Nederlandse Familienamenbank |
Moors |
< | Moor, de | < |
Moor Mooren, van der Moree, de (é) |
verklaring:
De familienaam De Moor is in letterlijke zin een herkomstnaam voor een moor, dat wil zeggen voor iemand die deel uitmaakt van het volk Mauri, dat het gebiedsdeel van Noordwest-Afrika bewoonde dat nu grotendeels de Maghreb is, en dat in de Romeinse tijd Mauretanië werd genoemd. De volksnaam was afgeleid van het Griekse woord mauros/mavros voor de kleur zwart. Net als bij de achternaam Turk of De Turck zou (De) Moor ook als bijnaam gegeven kunnen zijn aan een reiziger of zeevaarder die (handels)betrekkingen onderhield met de betreffende regio. Of misschien was er sprake van een bijnaam voor een man die wat zijn uiterlijk betreft aan een moor deed denken.

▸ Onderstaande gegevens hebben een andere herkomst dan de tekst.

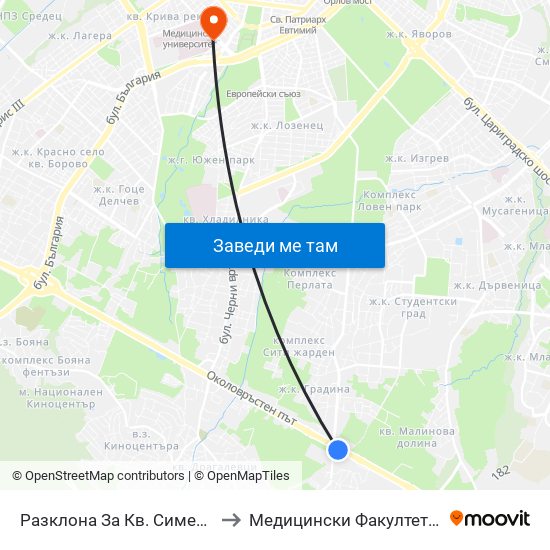 Разклона За Кв. Симеоново / Fork Road To Simeonovo Qr. (1459) to Медицински Факултет - Предклиничен Университетски Център map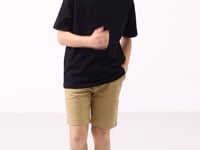 Black and dark beige cotton oversized fit woven lightweight elastic Chino boy's shorts set - 11279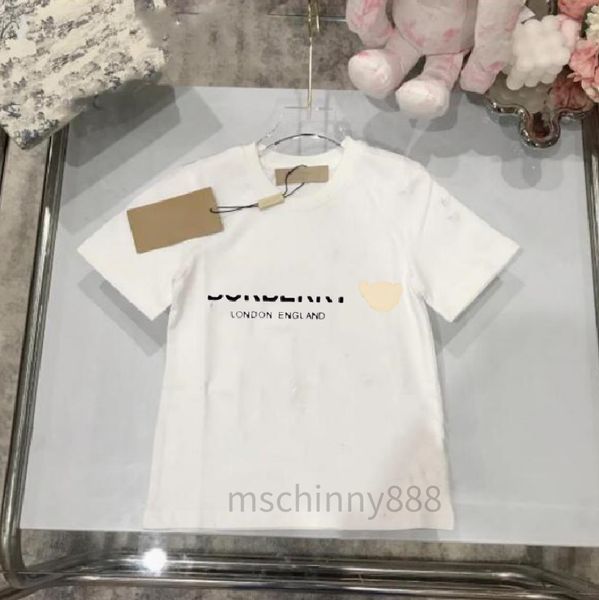 Summer Designer Children Cotton T-shirt Baby Boys Girls Black White Tops Tees Kids Clothes Casual Tee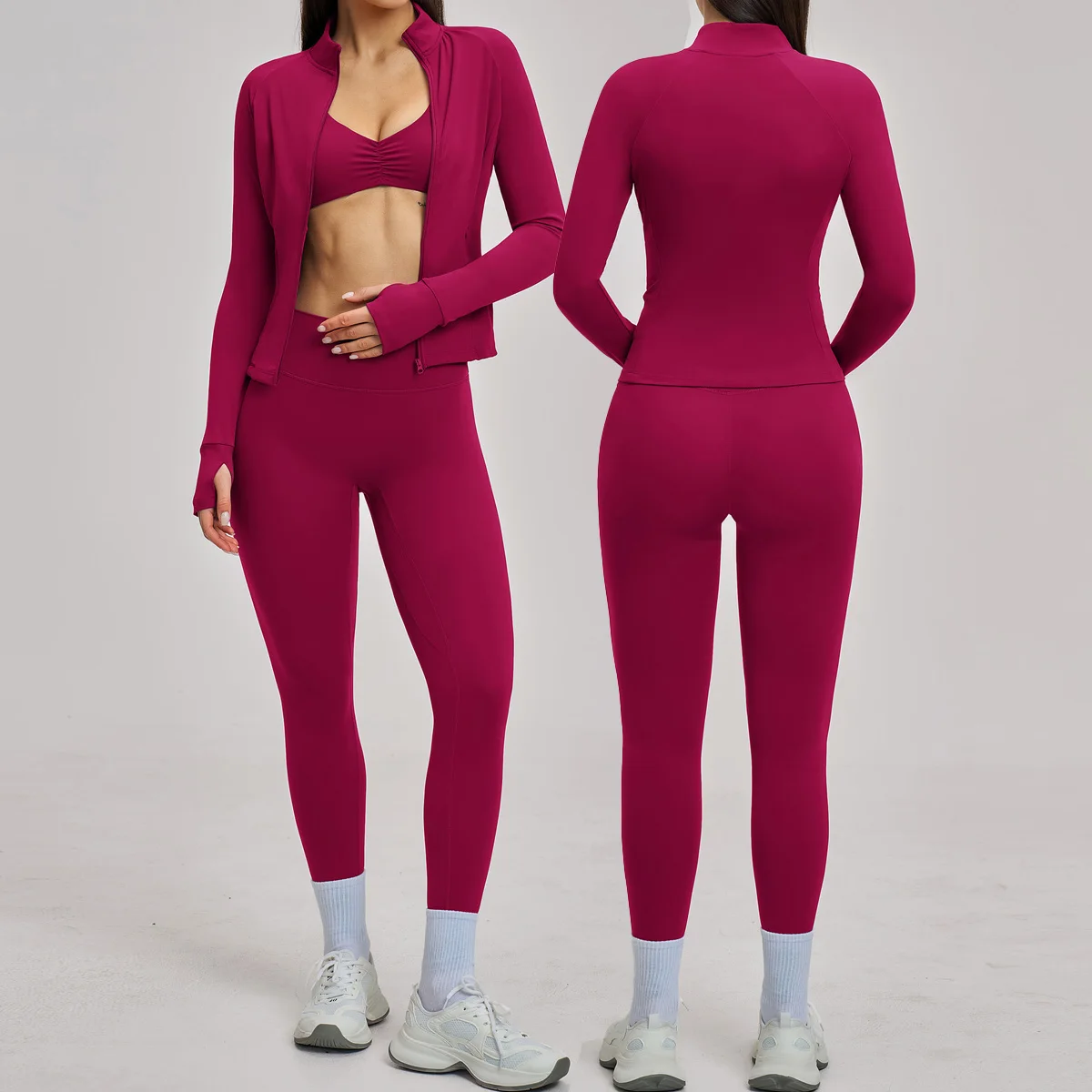 3PCS Yoga Set Gym Clothes Sportswear Seamless Yoga Suits Women Outdoor Fitness Long Sleeved Tracksuits Sports Bra Gym Leggings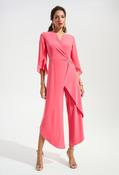 Formal Ruched V-neck Jumpsuit - Coral / 12 image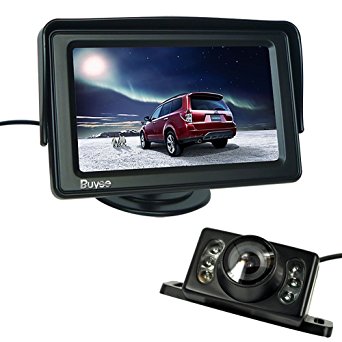 Buyee 4.3" TFT LCD Rear View Monitor and Night Vision Car Reverse Backup Camera led Car Rear View Reverse Reversing Waterproof Colour Video Camera Kits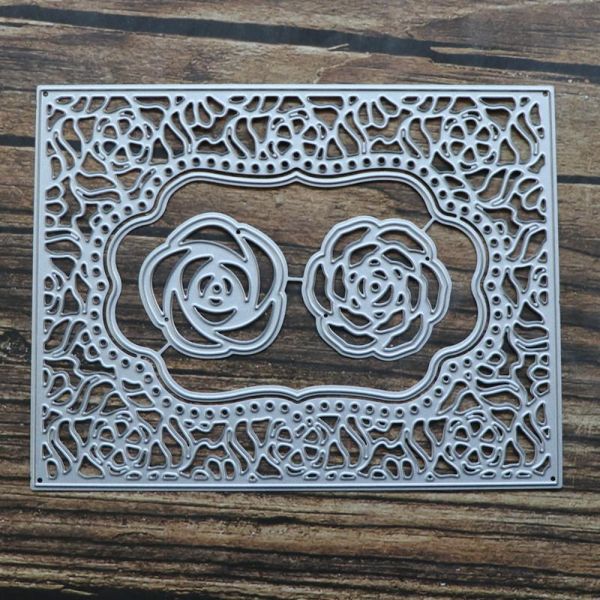 

painting supplies metal cutting dies scrapbooking rose flower background stencil craft card making embossing rectangular pattern 2021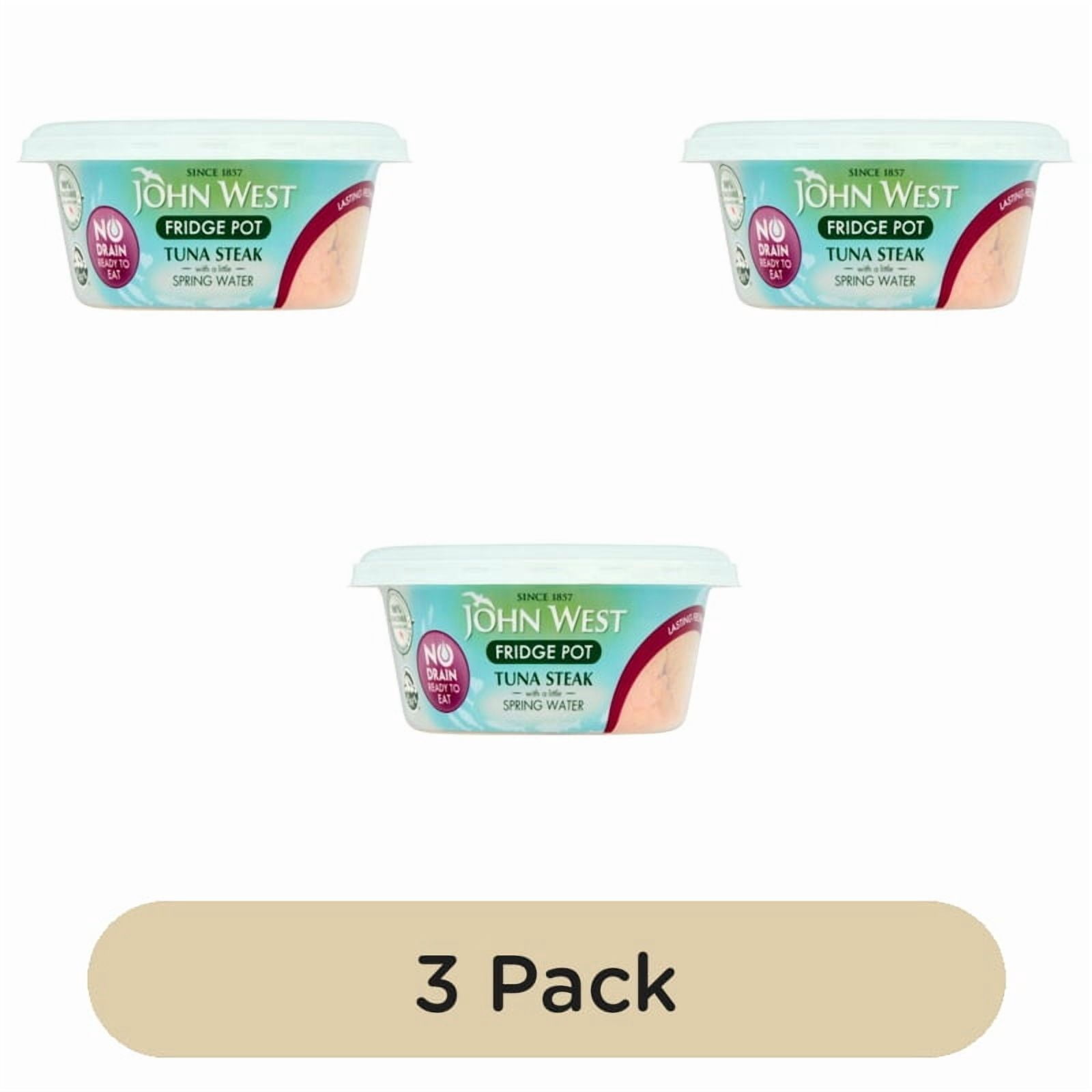 John West No Drain Fridge Pot Tuna Steak with a Little Spring Water 110g, British Import (Pack of 3)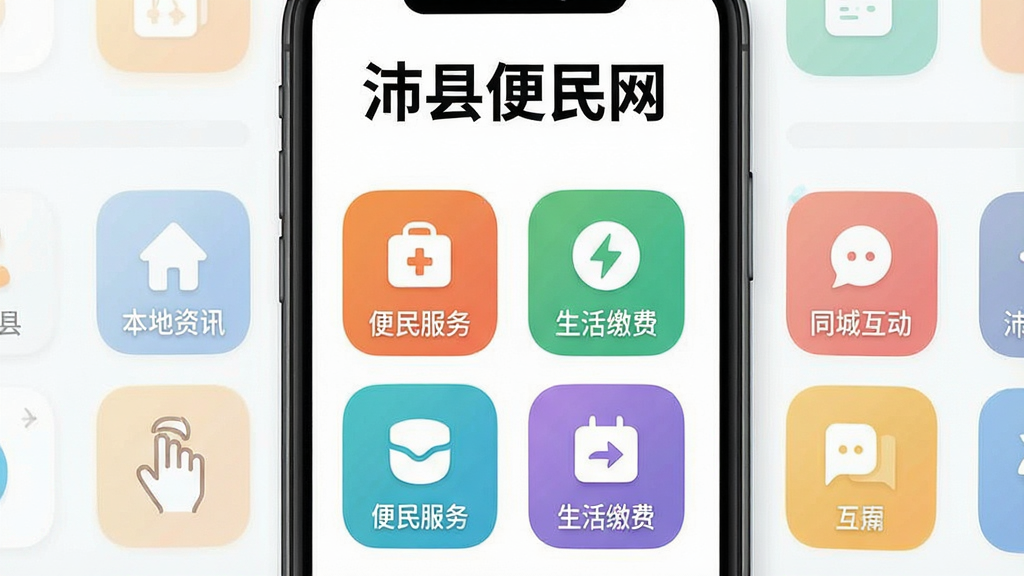一张展示沛县便民网App核心功能的手机界面合集图,画面主体是一部智能手机,屏幕上显示沛县便民网App的主页,顶部有醒目的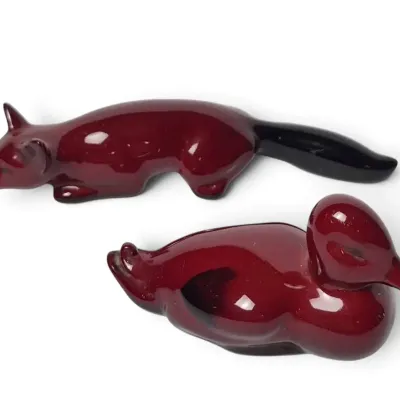 Royal Doulton Flambe Stalking Fox & Resting Duck Figurines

In ieder geval liet de tot de verbeelding sprekende moor zich her en der op uithangborden en gevelstenen afbeelden. Zo trof men bijvoorbeeld in Zierikzee de herberg De Rookende Moor aan. Een dergelijke huisnaam zou als adresnaam eveneens een motief hebben kunnen vormen voor de familienaam De Moor.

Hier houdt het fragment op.